PROVIDED ENTRIES:
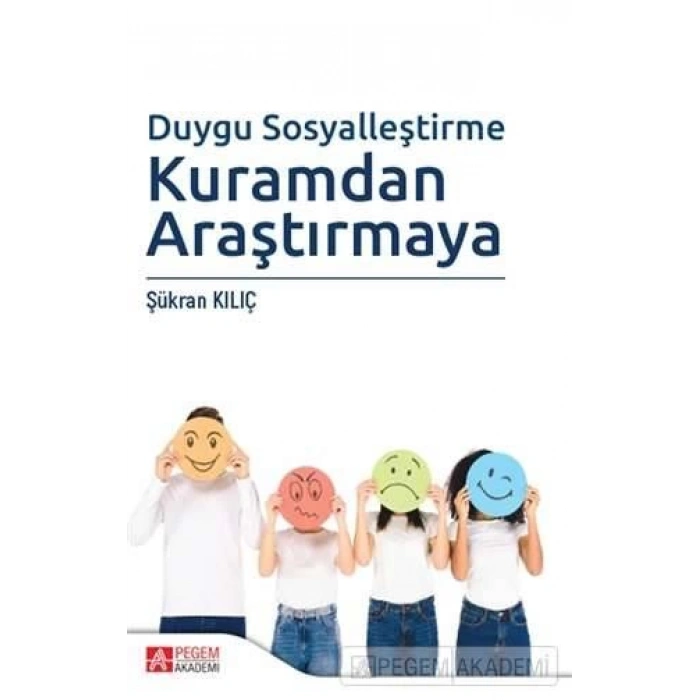 Duygu Sosyalleştirme Kuramdan Araştırmaya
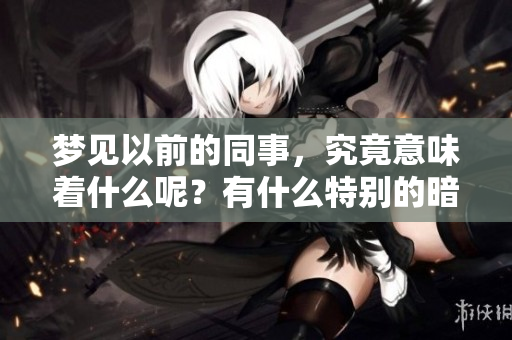 梦见以前的同事，究竟意味着什么呢？有什么特别的暗示呢？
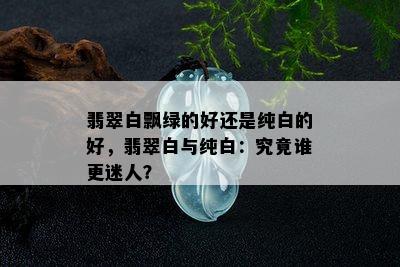 翡翠白飘绿的好还是纯白的好，翡翠白与纯白：究竟谁更迷人？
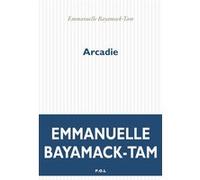 Arcadie Emmanuelle Bayamack-Tam (Auteur)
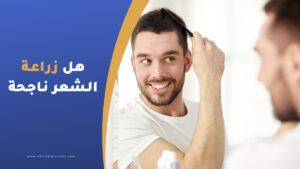 هل زراعة الشعر ناجحة ؟ - العوامل التي تساهم في نجاح العملية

REQUIREMENT: Once the line containing "Arcadie Emmanuelle Bayamack-Tam (Auteur)" is found, write it out exactly along with every line after it through the end of the listing, excluding pictures.

SOLUTION BELOW:
 Arcadie Emmanuelle Bayamack-Tam (Auteur)
 هل زراعة الشعر ناجحة ؟ - العوامل التي تساهم في نجاح العملية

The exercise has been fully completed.